Michael Lehnert, CEO of Lfoundry GmbH, told EE Times that the wafer fab in Germany named Landshut Silicon Foundry GmbH is insolvent and has an administrator in place. Lehnert added that Landshut Silicon Foundry GmbH is a separate, parallel entity to Lfoundry GmbH. Lfoundry GmbH continues and has a sustainable future based on its ownership of Lfoundry Rousset, Lehnert said.
Lehnert said that 60 employees out of 295 remain at Landshut Silicon Foundry GmbH, the rest having already been laid off. "The decision has been made to shut down the fab and sell off the equipment," Lehnert said.
Landshut Silicon Foundry and Lfoundry GmbH are owned by the same set of shareholders, according to a chart supplied by Lfoundry GmbH. However, Lfoundry GmbH does not own 100 percent of Lfoundry Rousset SAS. Lfoundry was originally formed around the acquisition of a wafer fab from Renesas in 2008. The legal structure changed when it acquired the Rousset fab, Lehnert said.
Organizational structure of Lfoundry. Source Lfoundry GmbH
Lfoundry GmbH has issued a press release providing guidance for its 2011 financial year. The company said that Lfoundry Rousset has achieved 46 million euros (about $62 million) in revenues for the first six months of its fiscal year ending Sept. 30. The goal is to exceed 100 million euro (about $136 million) in revenues for the fiscal year ending March 2012. LFoundry Rousset however anticipates some demand slowdown in 2012 due to the global economic crisis.
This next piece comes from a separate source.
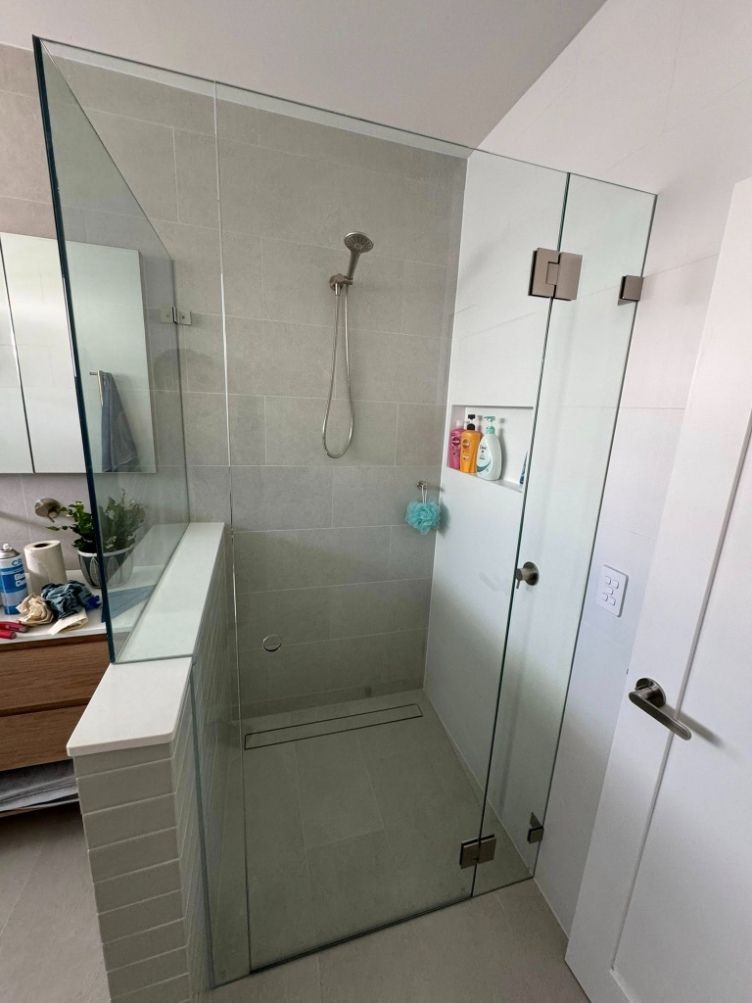 A bathroom with a walk in shower and a sink — Fast Glass & Glazing In Tamworth, NSW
The company said it has the support of partners and with that support it expects annual revenues to reach 150 million euro (about $200 million) within three years.
Since its formation in June 2009 Lfoundry Rousset has been developing
technologies targeted at added value applications such as smartcard,
defense and aerospace, automotive and energy management. Meanwhile a subisidiary company, Lfoundry Technologies GmbH located in Germany, employs about 30 people, said Lehnert. "They are working on developing process technologies, PDKs [physical design kits] and providing engineering services," said Lehnert.
Lfoundry Rousset is not endangered by the closure of the Landshut fab and will continue to execute its development plan, the company said, adding that it is encouraged by recent agreements with customers and strategic partners.
Jean-Pierre Delesse, president of Lfoundry Rousset SAS, said that the only way Lfoundry Rousset was affected by the insolvency of Landshut Silicon Foundry (LSF) was in relation to some equipment that Lfoundry Rousset had bought from LSF which had been frozen by the administrator.
Meanwhile the Lfoundry Rousset wafer fab is busy fulfilling legacy contracts for Atmel, introducing the 150-nm CMOS process that was previously in production at LSF and developing a 110-nm CMOS with flash non-volatile memory extensions, Delesse said. Contracts with Atmel will last for at least two years, Delesse said, adding that Lfoundry Rousset is also capable of running other customers' process recipes for critical dimensions in the range 130-nm to 350-nm.
As of September 2011 Lfoundry Rousset employed 788 staff including 185 engineers. The wafer fab runs 200-mm diameter wafers through a clean room of 12,000 square meters. It has a manufacturing capacity of about 25,000 wafer starts per month, according to data provided by the company.